Collected data:
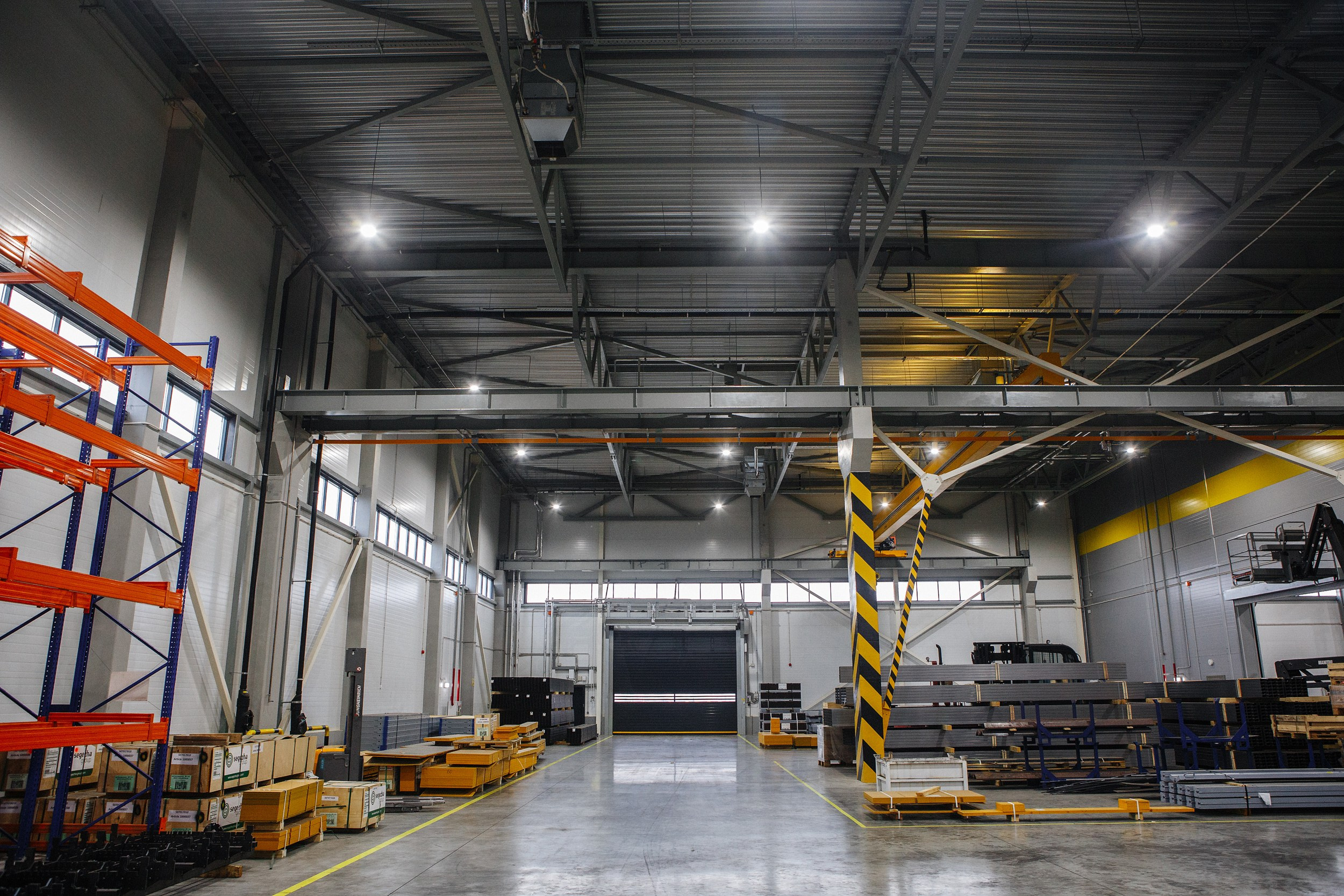 ОЭЗ Липецк DOKA. Свадебный и портретный Фотограф в Липецке Дмитрий Котюков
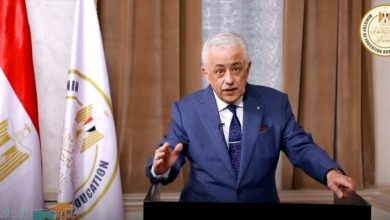 Photo of وزير التعليم يعلن ضوابط جديده لحضور الطلاب خلال شهر رمضان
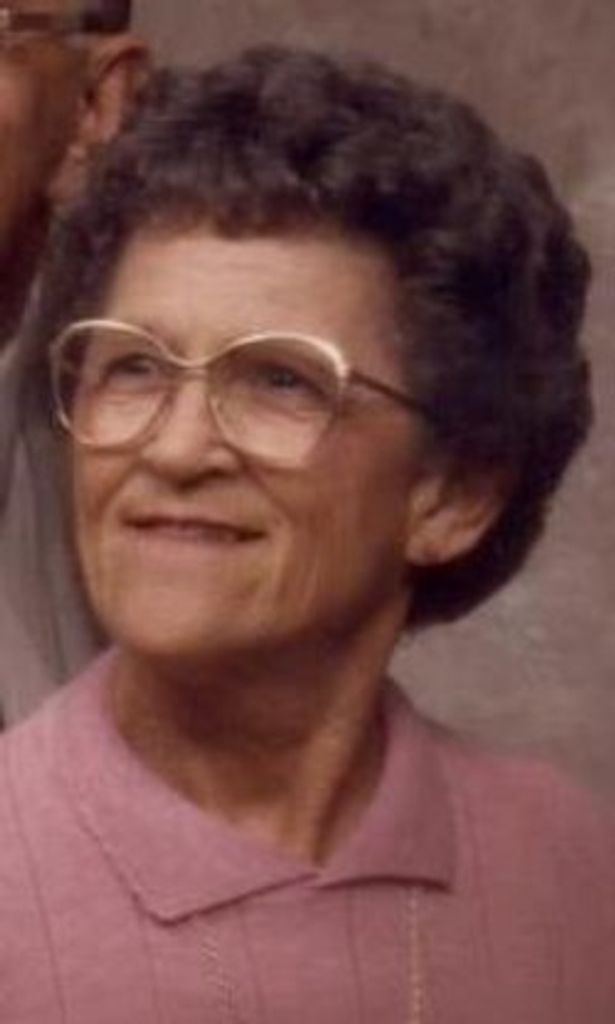Gertrude Hodges Profile Photo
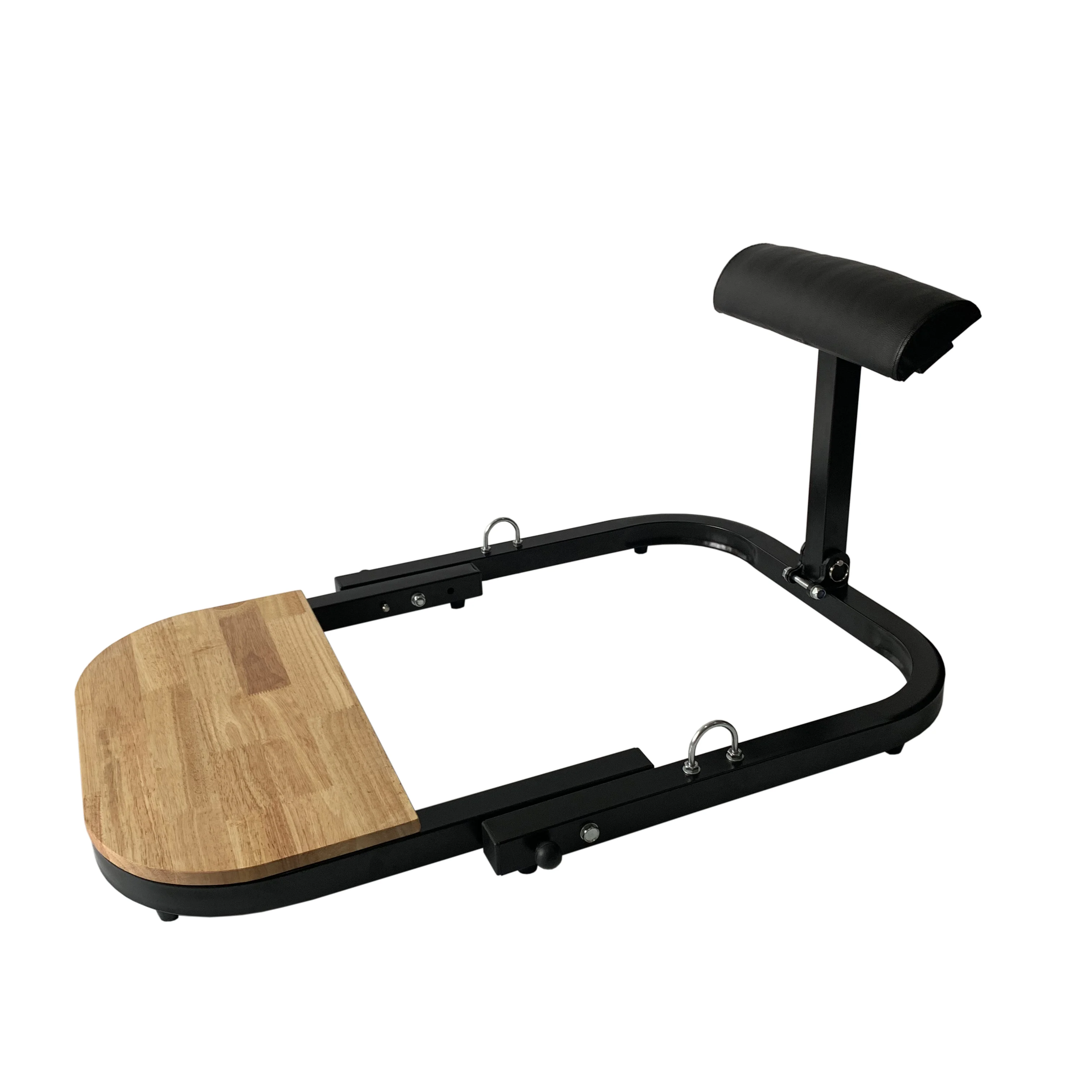 Multi Functional Home Gym Fitn - Home Gym Hip Thrust Machine recension och pris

Instructions for the task: No pictures belong in the copy. Return exactly the lines from the line containing "Gertrude Hodges Profile Photo" through the last line of the listing.

Solution to the problem:
Gertrude Hodges Profile Photo
 Multi Functional Home Gym Fitn - Home Gym Hip Thrust Machine recension och pris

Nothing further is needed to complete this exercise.